In the intervening period between Committee and today, the Government have also laid their amendments, which the noble Lord, Lord Parkinson, has introduced very well. I like a lot of them; they go a long way down the track to where we want to be on this. I particularly like the protection for journalistic content, which I think was lacking before. The way of introducing the skilled person into it, and the obtaining of an externally sourced report—even it is internally commissioned—does bring in an outside voice which will be helpful. The addition of privacy to that makes sure that the issues addressed will be the ones that need to be bottomed out before any decisions are taken.

It is helpful to state—again, repeated, and implicit in the amendments, but it is nice to see it again—that this is not about Ofcom as the regulator looking at people’s messages. It is clearly about making sure that there is the capacity to investigate criminality where it is clearly suspected and where evidence exists for that, and that the companies themselves have the responsibility

for taking the action as a result.
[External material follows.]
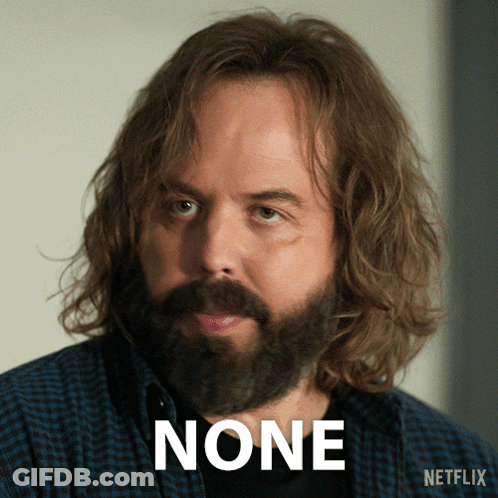 A Man With Long Hair And A Beard Has The Word None Above His Face GIF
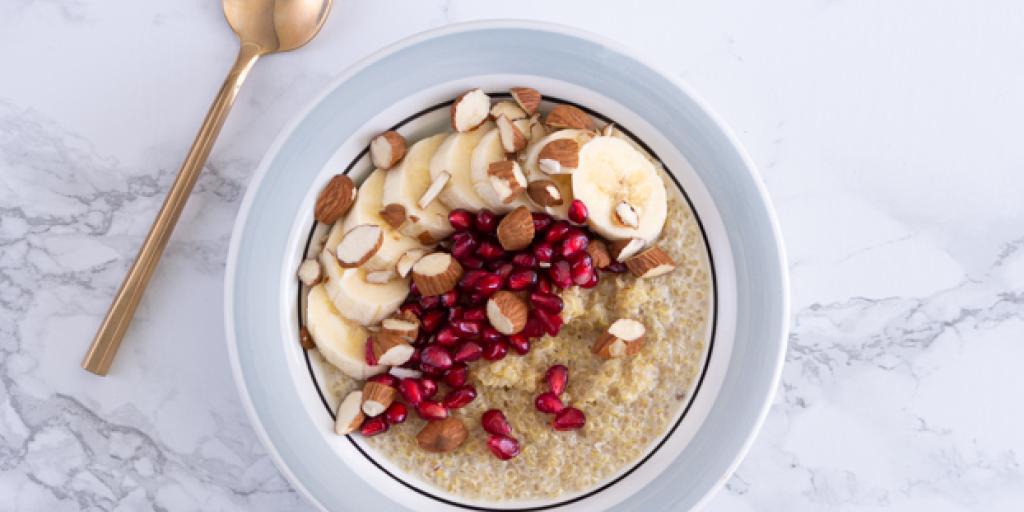Foto van de quinoa-ontbijtpap gegarneerd met schijfjes banaan, amandel en granaatappelpitjes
That is a good place to be, and I think it is right. The difficulty is that I do not think that that sensibility quite takes the trick about what society as a whole should expect from the regulator in relation to this particular activity. It leaves open the question of how much external supervision there would really be.

If we accept that it is not about Ofcom reading private messages or general monitoring—which I note the Minister has confirmed today; he was a bit reluctant to do so in Committee, but I am grateful to him for repeating it today—where is it in the statute? That is a good question: perhaps we could have an answer to it, because I do not think it does appear. It is important to reassure people that there is nothing in this set of proposals, and nothing in the Bill, that requires Ofcom to generally survey the material which is passing through the system. I still think people are concerned that this is about breaking end-to-end encryption, and that this is an attack on privacy which would be a very bad step. If that remains the situation and the Government have failed to convince, that therefore reinforces my suggestion to the Minister that at the end of this debate he might feel it necessary to spend a little more time and discussion trying to get us to where we want to go.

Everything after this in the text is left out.